DevOps can bring significant benefits to cloud projects, including application development speed-to-delivery, rapid implementation of user requirements, and lowered development, testing, deployment, and operations costs. We strive to not only find quick results, but also find them in the most efficient manner to not disrupt current operations. In fact, C-HIT has demonstrated project specific innovation in the area of complex deployment automation allowing us to significantly reduce time spans for coding, environment building, artifact deployment, and testing from six to nine hours initially, to under two-and-a-half hours.
The DevOps model enhances collaboration by integrating the development and operations teams; increases productivity by automating infrastructure and workflows; and improves reliability by emphasizing continuous measurement of application performance. DevOps teams aim to automate everything – from testing of new code to how infrastructure is provisioned.
Here are Chris’ top 3 tips on how the optimization of your DevOps can benefit government healthcare agencies:
Shorten the feedback loop. Aim to reduce the communications time to get feedback from a matter of days to almost real-time and encourage your team to be tightly integrated. At C-HIT, we have established specific metrics in customer projects to shorten this feedback loop, including striving to respond to customer reported incidents within 15 minutes and completing individual deployment tasks within 35 to 40 minutes.
Integrate tools in smart ways to communicate more efficiently. Instead of relying on traditional email exchange that clogs inboxes, build an efficient model of collaboration by installing plug-ins from communications platforms, such as Slack.
Build a guideline for application releases.

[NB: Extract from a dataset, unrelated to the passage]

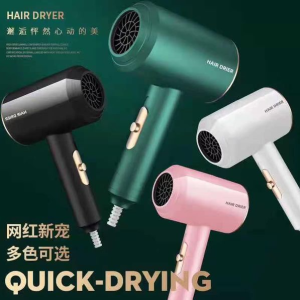 Hair Dryer Anion Care Blue-Ray Light Hair Blower Strong Power Quick Drying Low Noise Blow Dryer MP-KEIMAV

Provide the application release team with a playbook for daily releases to help calibrate data and translate it into a release time chart. This chart will depict the difference between expected-versus-actual time consumed for various releases. It will also help the CMMI process teams to visualize how this technique is being optimized for accomplishing such releases. The usage of a playbook will lead to efficient identification of bottlenecks as well as action items that can be optimized for future releases.
Effective implementation of a DevOps methodology can help government agencies to innovate faster. However, it requires development and operations teams to break down silos and work better together. The DevOps methodology can be an effective tool for change, but only when these two teams work with a philosophy of shared responsibility and common thinking. After all, spending more time and effort on the things that add greater value to the organization always results in better customer service at the end of the day.